Today is the 13th of June, the feast of St. Anthony. San Antonio. Well, he was born in Lisbon, Portugal, so in Portugal, they say he is St. Anthony of Lisbon. When you're here in Italy, they'll say he is St. Anthony of Padova. Yeah, we call him St. Anthony. He is for all and they say he is one of the most popular of saints. Even non-Christians venerate him.

But I guess God can work a lot of miracles and wonders through him. Because he followed. St. Anthony, by the grace of God, followed the methodology of the reign of God. He came from a well-to-do family in Lisbon, but joined the Augustinians and wanted to really spend his time in solitude and study. He was a learned person. And then he heard about the Franciscans. And he saw the burial of some Franciscans who were martyred in Morocco. And there was a call that he heard, felt he wanted to be a martyr also. So he asked permission to join the Franciscans. And he changed his name from Ferdinand to Anthony.
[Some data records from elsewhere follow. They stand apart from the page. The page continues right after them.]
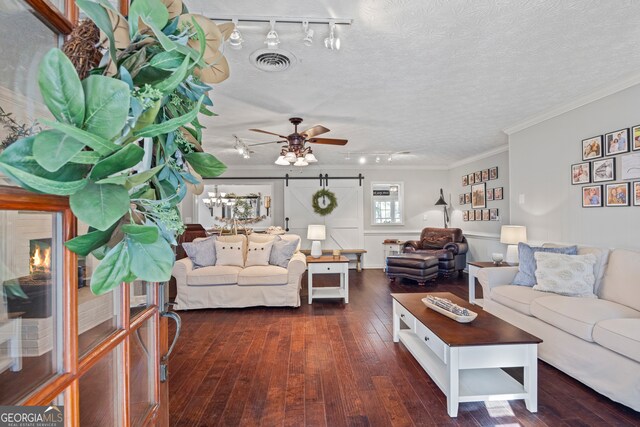 living room with a textured ceiling, a barn door, rail lighting, and dark hardwood / wood-style flooring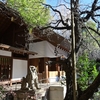 ⛩️乃木神社で初詣😊
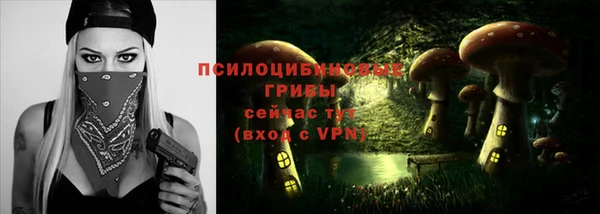 a pvp Алзамай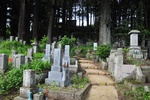 jp0_5954.jpg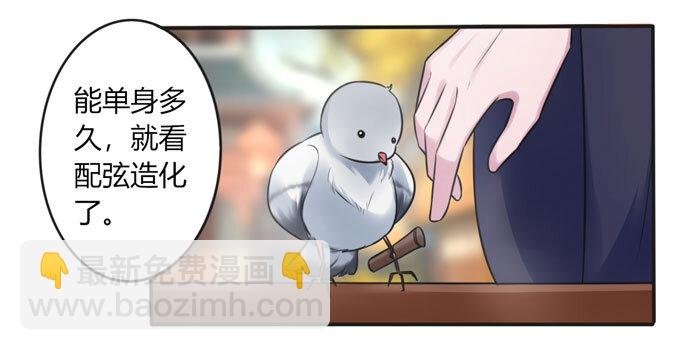 99 家务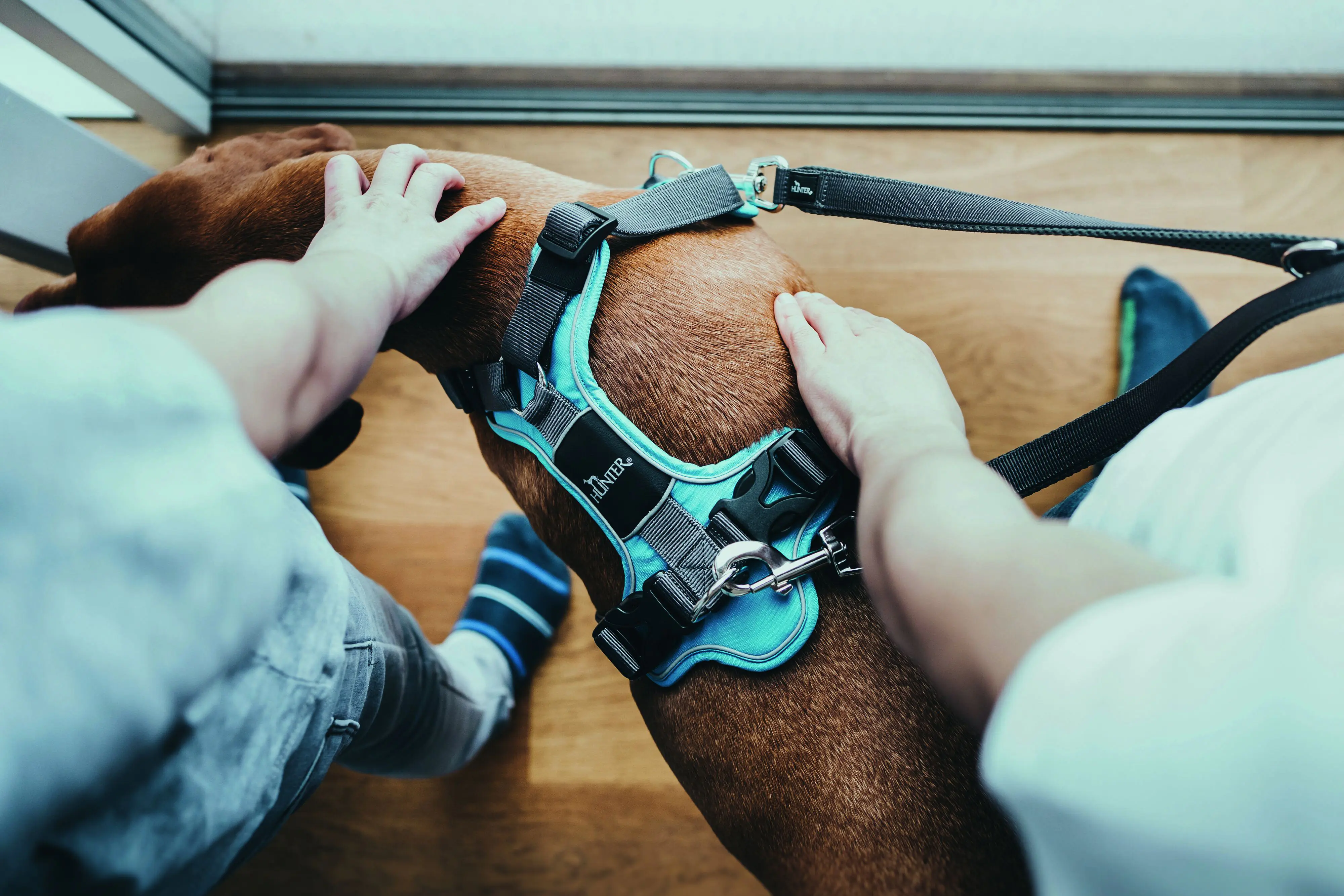 Hunter Hundeleine Führleine verstellbar Divo/Maldon 2 m x 2,5 cm grau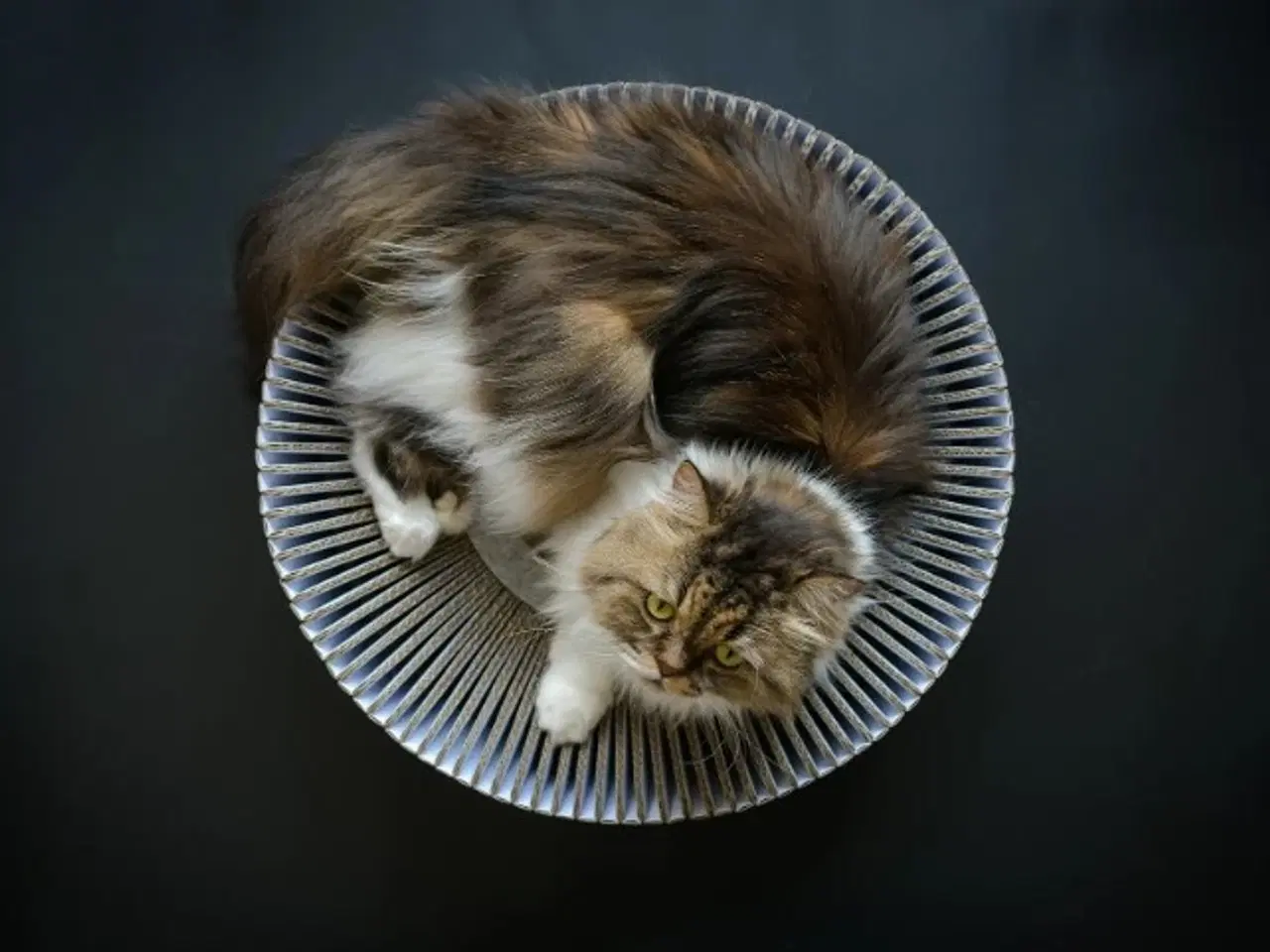 Billede 1 - Kat Lounge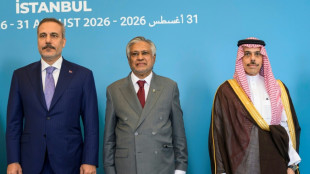 Turkey says regional defence pact not against any country 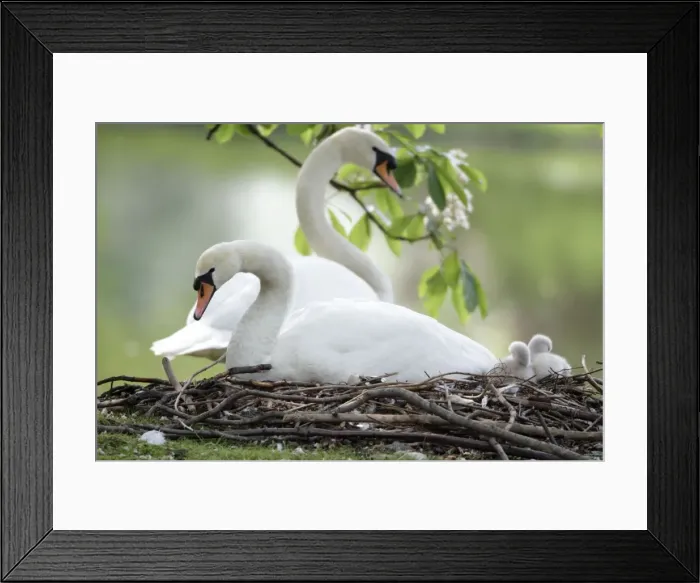 Framed Print : Mute Swan - adults with two cygnets at nest - Hessen - Germany Framed Print : Mute Swan - adults with two cygnets at nest - Hessen - Germany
He was almost unknown as a Franciscan. He was sent to Morocco but he got sick. So he was sent back to Portugal. But because of a typhoon, the boat landed in Sicily rather than Portugal. In Sicily! And then it so happened that there was a general chapter of the Franciscans, so he was able to attend. But again, unknown until there was an ordination of the Dominicans and the Franciscans. And wow! They forgot to appoint a preacher. So last minute, "You peach, you preach!" And the Dominican said, "No, no, I'm not prepared." The Franciscan, "No, no, I'm not prepared.” So he was obedience.

And then they heard him talking in very simple terms. But when his heart was on fire, "Oh my! Who is this?" The discovery! And even St. Francis asked him, “Can you teach our brothers?” He is the first Franciscan to teach his fellow Franciscans. But St. Francis said, “Please teach them. But please be careful. We do not want to lose the spirit of prayer and devotedness and humility.” And that he did. And he maintained his teaching in a simple manner. He was attentive to the needs of the poor. And he said, he will combat heresies. Not by attacking the heretics, or the corrupt, but by showing them the beauty of the gospel and attracting them to the truth of the gospel. This very gentle saint is known everywhere as a miracle worker, and as a provider for the poor.

I think that's how the kingdom of God will really spread. Let us be humble. Let us be little and let us allow God to do the great things. Our great contribution is the littleness and the humility of our persons, and of our loving. It is not our kingdom. It is the kingdom of God.